Washington, DC – Over the past two decades, major companies have paid out over $25 billion in damages and settlements in class action and multi-district consumer protection lawsuits filed throughout the United States. Some corporations have been involved in multiple cases, and a few have penalty totals in excess of $1 billion.
These findings come from a compilation of consumer protection lawsuits prepared for inclusion in the Violation Tracker database, produced by the Corporate Research Project of Good Jobs First.
“Large companies like to give the impression they put customer satisfaction above all else,” said Good Jobs First Research Director Philip Mattera. “Yet they are frequently sued by groups of customers for deceptive practices.”
Using court records, Good Jobs First documented more than 600 successful legal actions dating back to the beginning of 2000. These are only cases in which a company was accused of cheating its customers by overcharging for goods and services or engaging in false advertising. This list does not include cases involving issues such as product safety or privacy violations, which were previously added to Violation Tracker. It also does not include cases brought by government agencies, which were also already in the database.
Banks, insurance companies and other players in the financial services sector account for a far larger portion of the penalties than any other part of the economy: over $14 billion in 249 cases. This is more than 55% of the penalty total and 40% of the cases.
Half of Big Finance’s penalty total comes from a handful of companies. Bank of America paid out over $3 billion in 29 cases. JPMorgan Chase racked up $2.3 billion in penalties in 26 cases. Wells Fargo’s penalty total is $1.3 billion from 21 cases. State Farm Insurance ranks next with $669 million from six cases.
Among the abuses Bank of America has been accused of committing are the following: imposing excessive overdraft fees on checking accounts; charging military customers interest rates above federally mandated limits; enrolling customers in credit protection plans without their consent; applying late fees on credit card customers who actually paid on time; and forcing home mortgage customers to purchase excessive amounts of flood insurance.

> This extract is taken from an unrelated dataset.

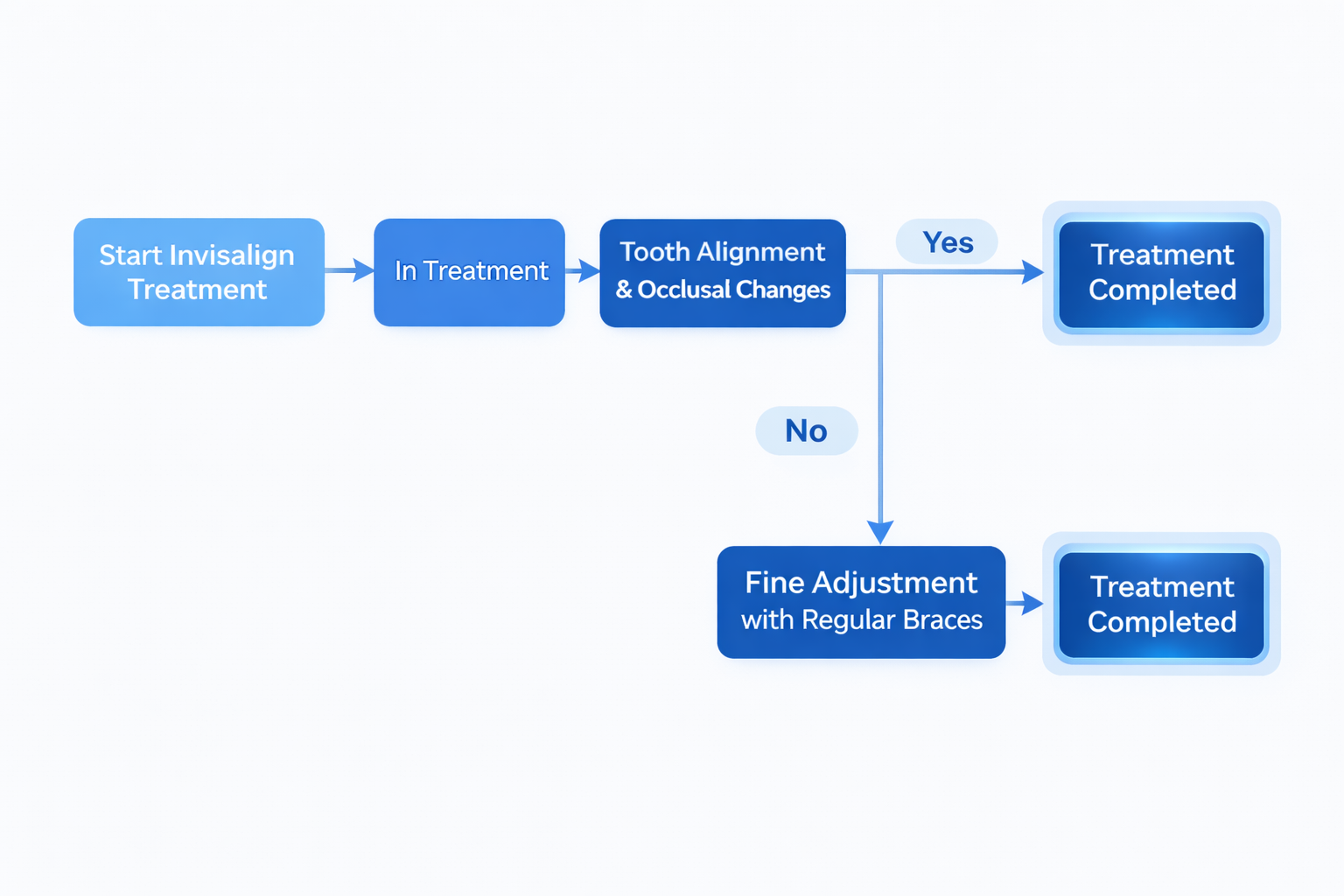 Invisalign Complementary Solution Flow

Outside the financial sector, the biggest penalty totals belong to Dominion Energy ($2.5 billion), Western Union ($508 million), Apple Inc. ($462 million), BP ($414 million) and General Motors ($389 million). Apple’s alleged transgressions ranged from distributing iPhone software updates that slowed the device’s performance to the renewal of app subscriptions without customer consent.
While most of the cases on the list involve prices, fees and other monetary practices, about 100 relate to the quality of the goods and services being sold. Over $1 billion has been paid out by companies accused of false or deceptive advertising and marketing. The single biggest penalty of this type is linked to Acer America, which paid an estimated $280 million to resolve allegations that it misled customers about the Windows operating system installed on its laptop computers.

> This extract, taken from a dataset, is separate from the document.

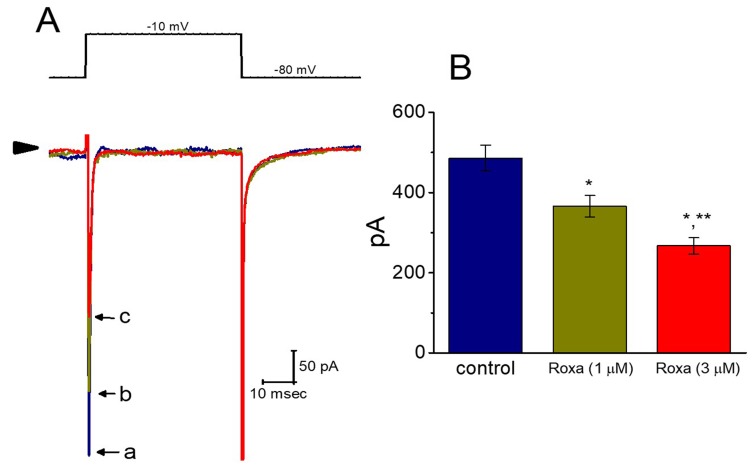 Figure 9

Behr and its parent Masco paid over $100 million to settle claims that they falsely advertised their wood sealants as protecting against mildew damage. Many of the smaller settlements involved allegations that producers of food and personal-care products falsely advertised their products as organic or natural.
Violation Tracker now contains 564,000 individual entries with total penalties of $957 billion. Along with the cases brought by government agencies, the database now contains class action and multi-district private lawsuits in a dozen categories.